The dust assassin est l'histoire de cette petite fille qui appartient à une grande Maison. Padmini est l'héritière de la Maison Jodhra, en concurrence avec d'autre Maisons et en particulier la Maison Azad. Mais Padmini n'a pas peur. Son père lui a toujours répété qu'elle était une arme. Elle n'est donc pas effrayée lorsque sa Maison est attaquée par les Azads: elle est une arme, elle doit combattre, elle doit défendre. Elle doit pourtant s'enfuir pour être recueillie par un groupe de nutes, sans avoir pu défendre qui que ce soit. Son monde s'écroule jusqu'à ce que Salim Azad la retrouve. C'est la plus nouvelle du recueil, celle qui évoque le plus d'émotion.

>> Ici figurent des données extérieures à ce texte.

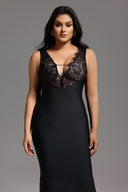 Janano Lace Deep V Maxi Dress - Black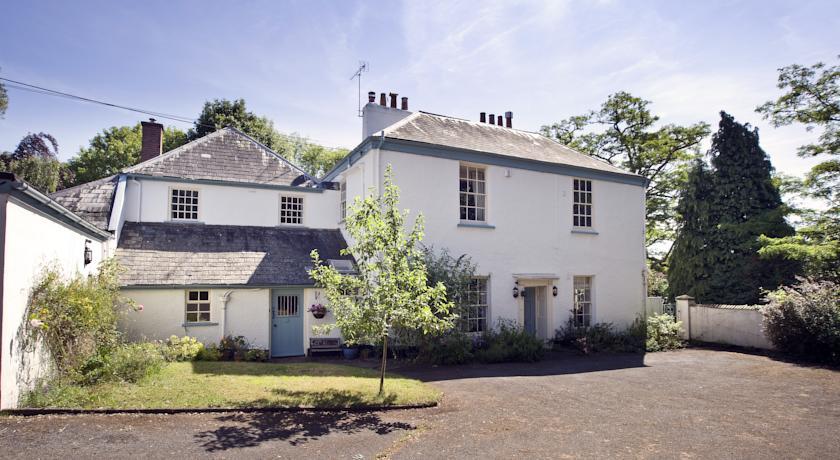 Апартаменты Vicarage Cottage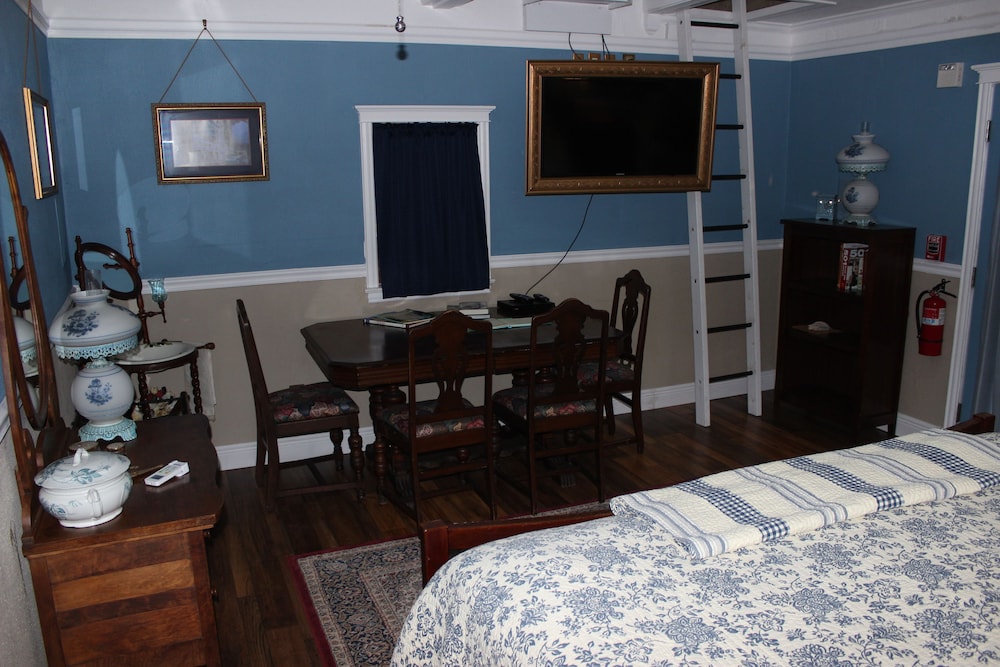 Standard Room, 1 King Bed photo 2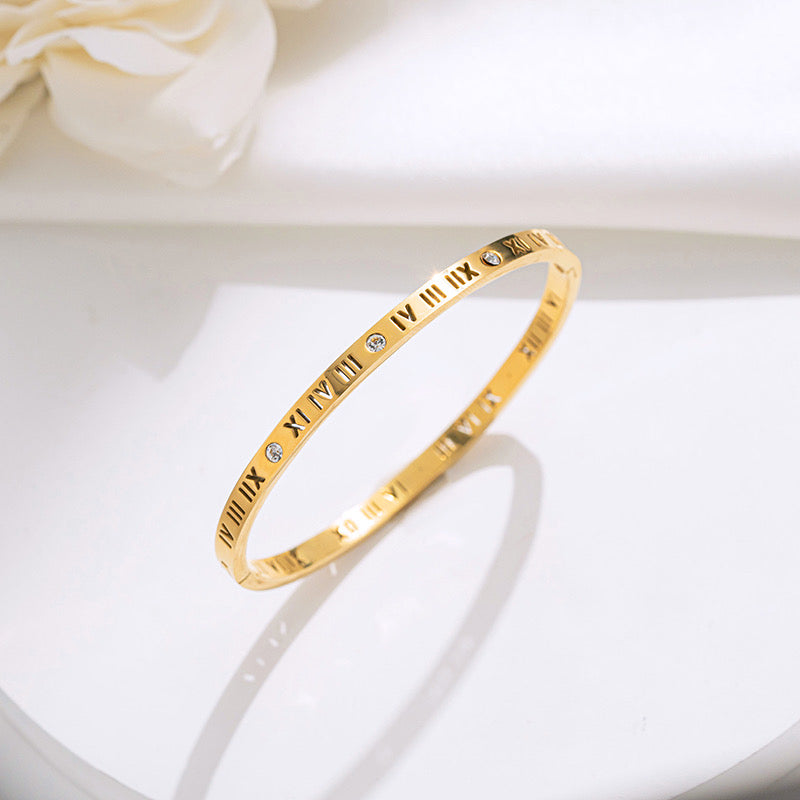 ROMAN NUMBER BRACELET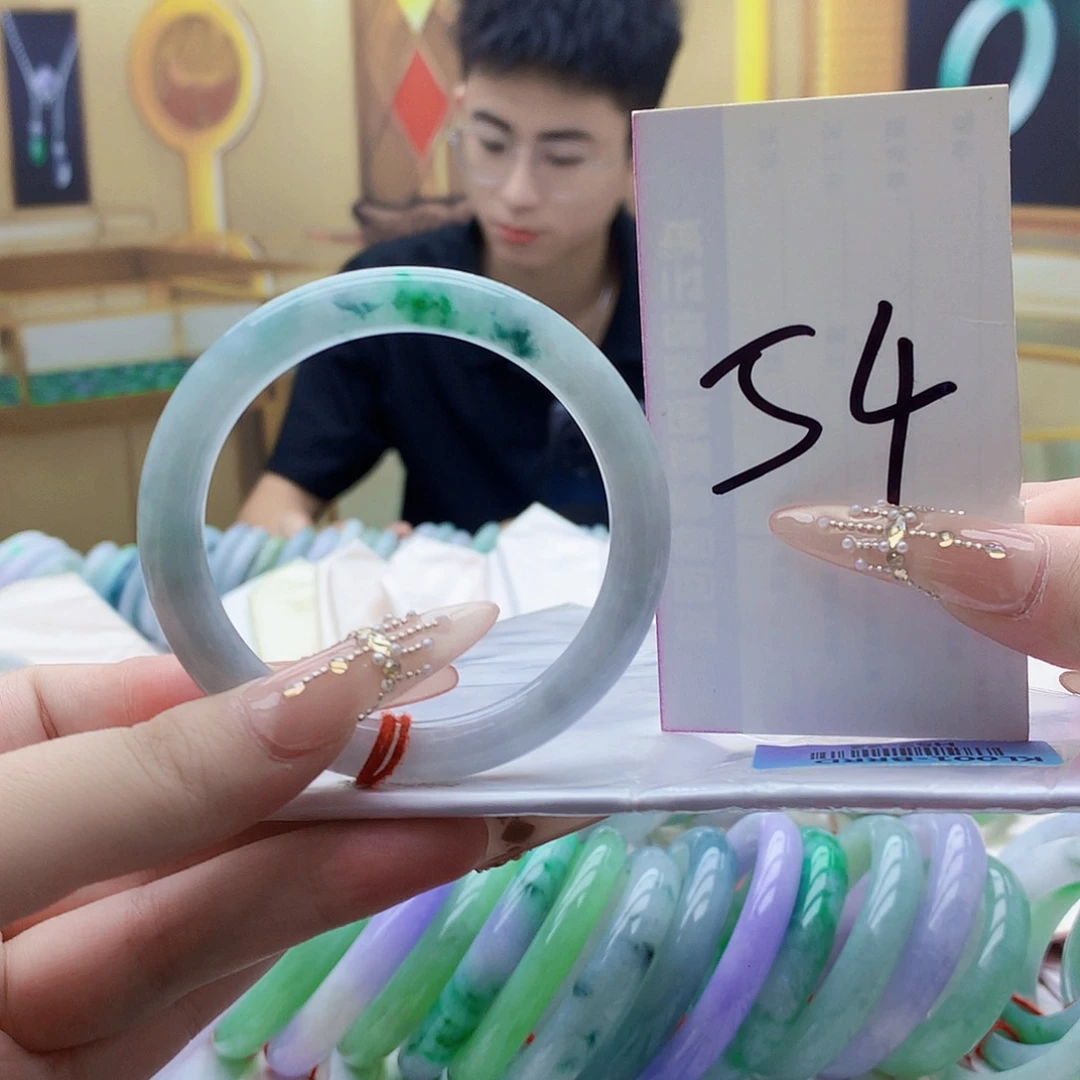 翡翠未镶嵌手镯bb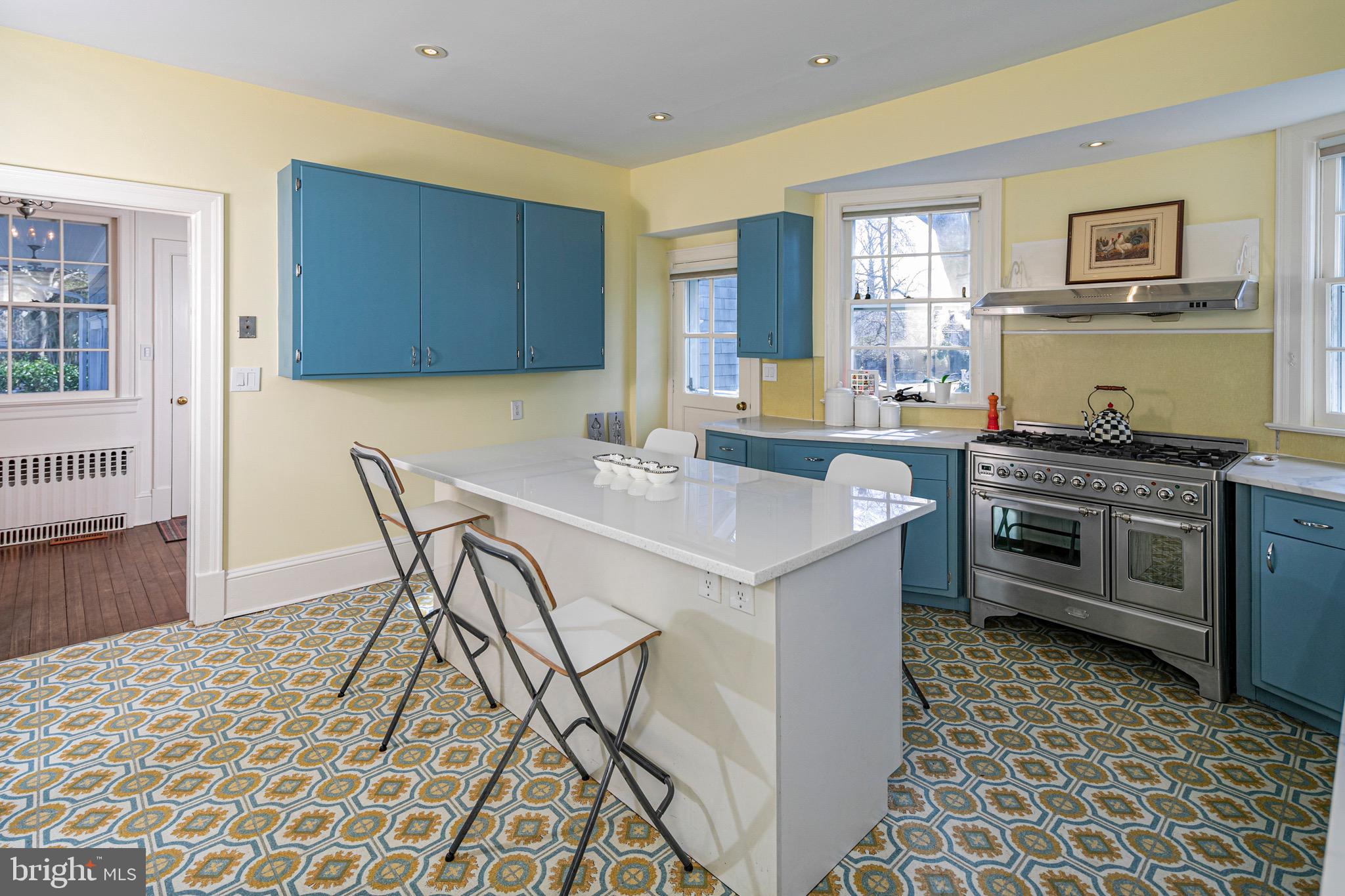 INSTITUTE AREA - Residential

An Eligible boy joue sur un autre registre: celui des médias. Jasbir vient de se payer une belle gueule à coup de chirurgie esthétique. Cela va lui permettre de pouvoir flirter avec quelques filles de bonne famille et lui assurer un avenir tranquille dans cette ville où il y a beaucoup moins de femmes que d'hommes. Pour cela, il fait appel à un coach qui lui donne tous les conseils pendant les rendez-vous. La réalité s'avère moins glamour. C'est ce qu'on appelle une nouvelle à chute. Si la nouvelle paraît un peu kitsch et ennuyeuse, vous serez frappés par la fin.
Les trois derniers textes ont en commun de revenir sur la notion d'aeias (les IA évoluées).

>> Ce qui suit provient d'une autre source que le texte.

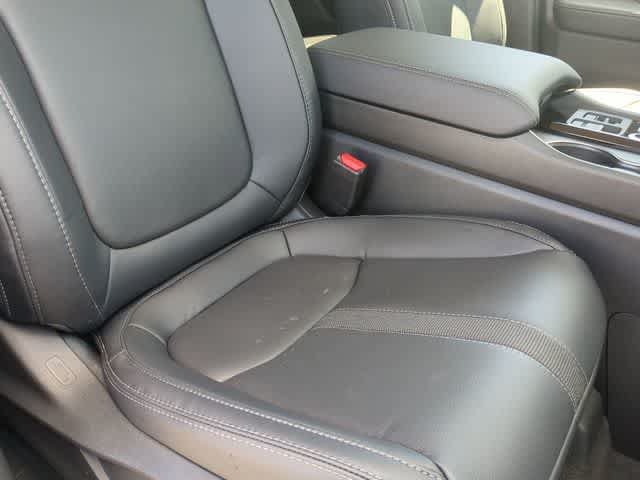 Used 2025 Honda Pilot EX-L image 21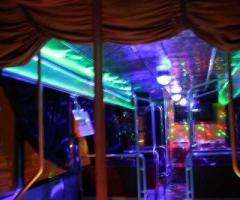 Allestimento per un evento a bordo del limobus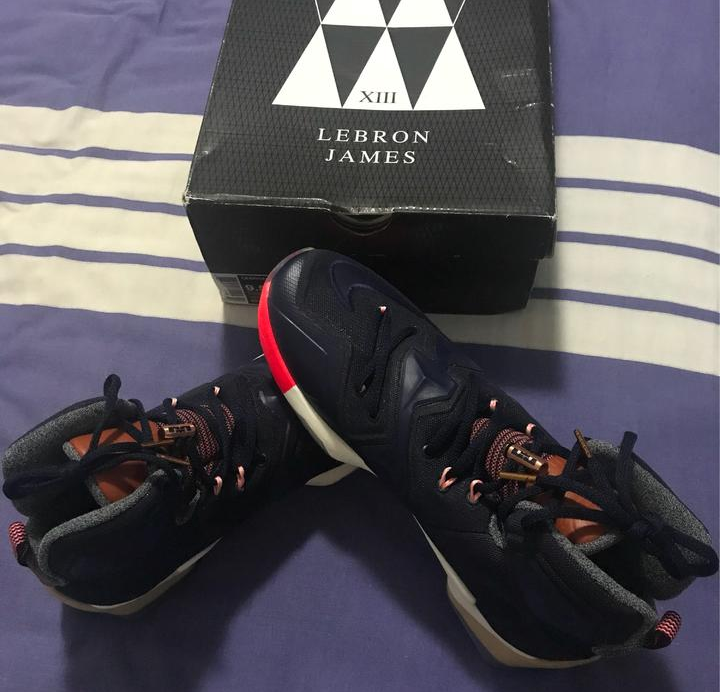  Giày Nike LeBron 13 LMTD ‘LuxBron’ 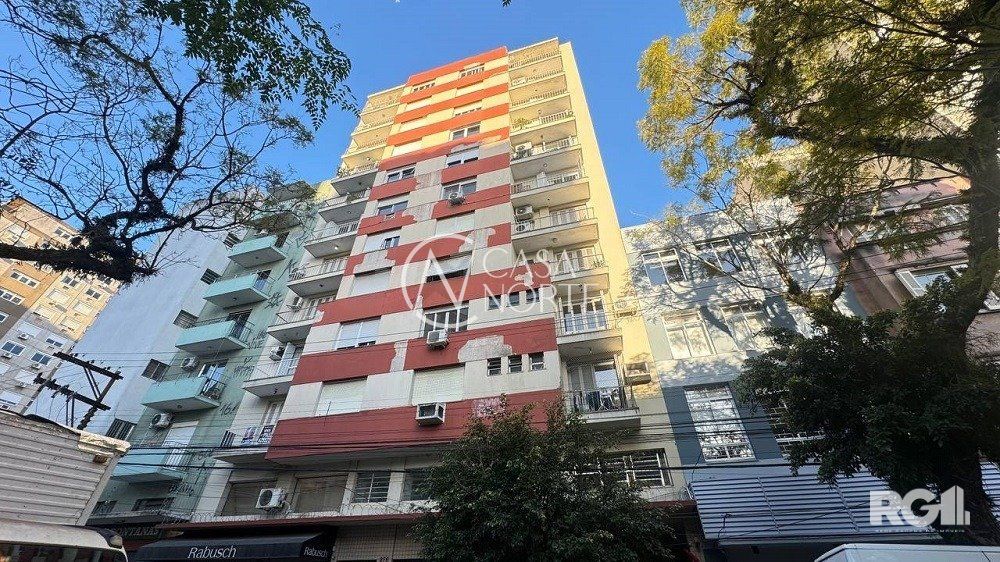 Apartamento à venda com 3 quartos, 89m², 1 vaga, Rua Coronel Genuino no bairro Centro Histórico em Porto Alegre
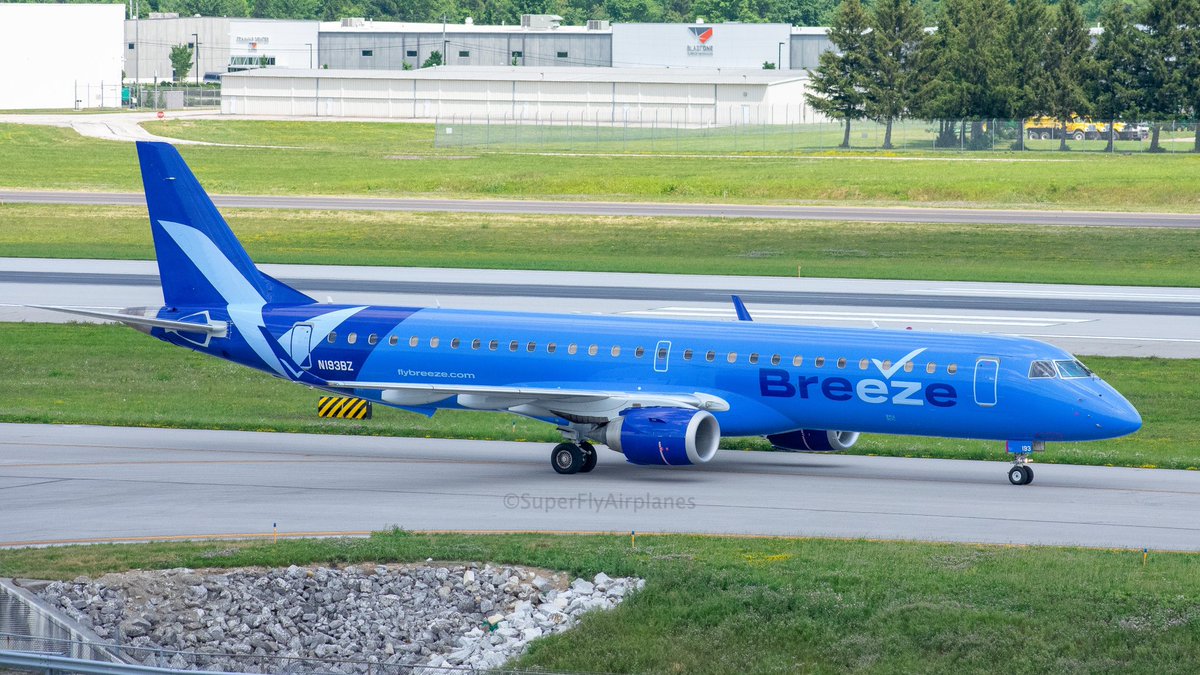 supflyairplanes's tweet photo. Welcome to @columbusairport @BreezeAirways #N193BZ #BreezeAirways #E195 #Embraer #FlyCMH #FlyBreeze #JungleJet  #Avgeek #Planespotting #NewAirline #WaterSalute #AirportViews #Aviation #Airplanes #KCMH #AirplanePhotos #ColumbusSpotters https://t.co/EJecZrH17W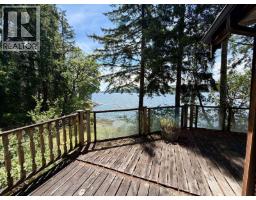 6787 Sechelt Inlet Road, Sechelt, BC V7Z0L2 Photo 10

La nouvelle The little goddess pourrait être résumée par grandeur et décadence. C'est l'histoire de cette jeune fille qui est désignée déesse car elle en a les nombreuses caractéristiques physiques et mentales. Mais être déesse et être vénérée a ses inconvénients. Elle ne connaît pas grand chose du monde extérieure, enfermée dans sa tour d'ivoire. L'une de ses servantes et tutrices lui donne secrètement une IA personnelle pour pouvoir le comprendre. Or un dramatique incident la fait un jour chuter de son piédestal. Elle doit redevenir une inconnue. Elle n'est plus personne. S'ensuit une lente remontée parsemée d'embûches. Ian McDonald revient sur le conflit du Fleuve des dieux entre les IA de génération 3 et la police qui les pourchasse.
The Djiin's wife est inspiré par Idoru qui racontait l'histoire d'une rock star épousant une femme virtuelle. Sauf qu'ici ça se déroule dans l'Inde futuriste où les IA ne sont pas la bienvenue dans certains états et pourchassées par la police Krishna. Evidemment, si le début de l'histoire d'amour commence bien, la suite s'avère plus compliquée pour la jeune danseuse et épouse de l'aeia. L'amour est souvent exclusif et l'amante ne supporte pas de partager son IA avec d'autres.
Enfin, le recueil se finit avec la novella Vishnu at the Cat Circus. C'est aussi un formidable complément au Fleuve des dieux. C'est l'histoire de Vishnu, un des fameux enfants Brahmin. Dans ce texte que l'auteur développe ce concept à peine esquissé dans le roman. De plus, la novella couvre les évènements qui se sont déroulés avant, pendant et après la crise du barrage de Kunda Khadar. Tout s'éclaire. On y comprend mieux la singularité technologique qui a lieu à la fin du roman. Ian McDonald y développe des choses intéressantes aussi sur la nanotechnologie et le concept de noosphère (ou d'infosphère). C'est un texte vertigineux sur les aspects économiques, sociaux et religieux liés aux progrès technologiques.
La conclusion de Manu B. à propos du Recueil de nouvelles : Cyberabad days [2013]
Chaque nouvelle est une plongée vertigineuse dans la société tentaculaire indienne. Ian McDonald, qui admettait avoir beaucoup à dire sur cette Inde futuriste, complète admirablement son roman Le Fleuve des dieux et lui donne une dimension supplémentaire.
Ce retour comblera ceux qui avaient aimé la précédente immersion, l'émotion en plus. C'est à n'en pas douter un recueil indispensable.